Monsters and NPC's[]

  • not to many NPC in the same area at the same time. ( I try to keep the NPC amount below 20.)
  • Keep the number of active creatures (incl. the players) below 20 per area, if possible.
  • Avoid spawning more than 2-3 creatures near each other. Their OnPerception events will go berserk.
  • No creatures near transition targets!

Lights and Shadows[]

"I ended up using quite a bit of lights on the Drow map and learned a couple of things about them in the process, so thought I'd start a thread on this topic that we can add to as we learn more.

Most importantly, regarding lights, keep in mind that by default, they cast shadows, and the more lights and shadows we have, the more we can slow the performance of our clients' machines (and possibly the server). One very good thing to do is to disable shadows. Two ways:

The properties of the map has settings for has directional light, and directional light casts shadows. I'd initially set has directional light to False, though got some very bad graphic bugs (on an exterior map), so had to turn this back on to true.

Though being an underground area, it is most natural that the light would be very dim and not cast any noticeable shadows in a place already so dark. So I turned directional light casts shadows to False.

I then used a combination of the Power Bar plugin and the Area Contents tab in order to seek out and group my point lights. Area - select objects - Tag (copied and pasted the tag for my lights here), then temporarily grouped them, right clicked and opened properties in a new window, so that I could disable all of their shadows simultaneously.

I went further, since I had ~80 jail pieces, which are very dark wrought metal pieces, I selected all of these and set receives shadows to False.

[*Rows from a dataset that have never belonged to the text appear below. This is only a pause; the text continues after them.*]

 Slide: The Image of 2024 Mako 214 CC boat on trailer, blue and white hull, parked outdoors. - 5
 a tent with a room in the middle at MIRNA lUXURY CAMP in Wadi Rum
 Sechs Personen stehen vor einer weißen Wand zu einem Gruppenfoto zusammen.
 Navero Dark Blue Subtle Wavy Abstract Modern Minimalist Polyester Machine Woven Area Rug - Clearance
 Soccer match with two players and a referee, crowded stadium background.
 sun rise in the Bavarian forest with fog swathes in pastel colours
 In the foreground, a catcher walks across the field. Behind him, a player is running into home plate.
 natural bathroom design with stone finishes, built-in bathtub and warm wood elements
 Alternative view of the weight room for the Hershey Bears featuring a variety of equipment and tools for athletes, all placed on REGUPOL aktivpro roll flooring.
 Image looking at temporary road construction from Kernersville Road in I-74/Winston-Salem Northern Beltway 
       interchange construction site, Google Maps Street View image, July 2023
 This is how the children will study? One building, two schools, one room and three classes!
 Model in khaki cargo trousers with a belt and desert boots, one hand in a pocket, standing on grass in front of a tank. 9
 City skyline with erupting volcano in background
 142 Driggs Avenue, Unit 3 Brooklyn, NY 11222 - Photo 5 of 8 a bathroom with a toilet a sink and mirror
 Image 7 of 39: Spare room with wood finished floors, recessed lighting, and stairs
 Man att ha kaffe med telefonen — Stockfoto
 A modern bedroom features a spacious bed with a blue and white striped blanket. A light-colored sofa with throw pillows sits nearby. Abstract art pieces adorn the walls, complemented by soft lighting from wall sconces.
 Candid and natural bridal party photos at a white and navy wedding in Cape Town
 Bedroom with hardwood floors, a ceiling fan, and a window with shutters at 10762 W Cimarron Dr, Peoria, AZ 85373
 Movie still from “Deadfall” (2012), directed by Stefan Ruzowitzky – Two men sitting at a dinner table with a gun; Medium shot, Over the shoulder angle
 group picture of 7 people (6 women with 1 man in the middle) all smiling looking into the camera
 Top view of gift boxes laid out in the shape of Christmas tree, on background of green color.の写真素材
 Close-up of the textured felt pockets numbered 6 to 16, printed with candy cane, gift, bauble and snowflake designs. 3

Later I went through and read the help manual. It provided one more tip, recommending not to exceed light from more then 3 point lights on and surface. So if you set your Show/Hide selection to show the light spheres, you can see pretty easily where they overlap, and adjust the sizes and locations of your spheres so that you don't have more than three affecting any one surface."

DM Hatred, Dungeon Eternal.com

  • Go easy on the number of point-light sources.
  • Almost every light to Cast shadows? = False
(unless it is a very bright light in an area with a background where shadows should be obvious),
  • Set most placeables and environmental object to Don't Receive Shadows = True
(especially in the maps I am working on more recently, in Underdark where it's already so dark anyways, or, if the object is already very dark in color so shadows wouldn't be real noticeable anyways).
  • Area properties, I set Directional Light Casts Shadows? = False. In underdark maps, I'd like to actually set it Has directional light = false, but that resulted in graphics errors (Obsidian Bug at least as of 1.06.980). Well, this is also great for interior or underdark areas, though probably not good on your current map since it's in a desert, but good to keep in mind for future maps (and maybe even a good idea to bring all existing maps to some standards like these?).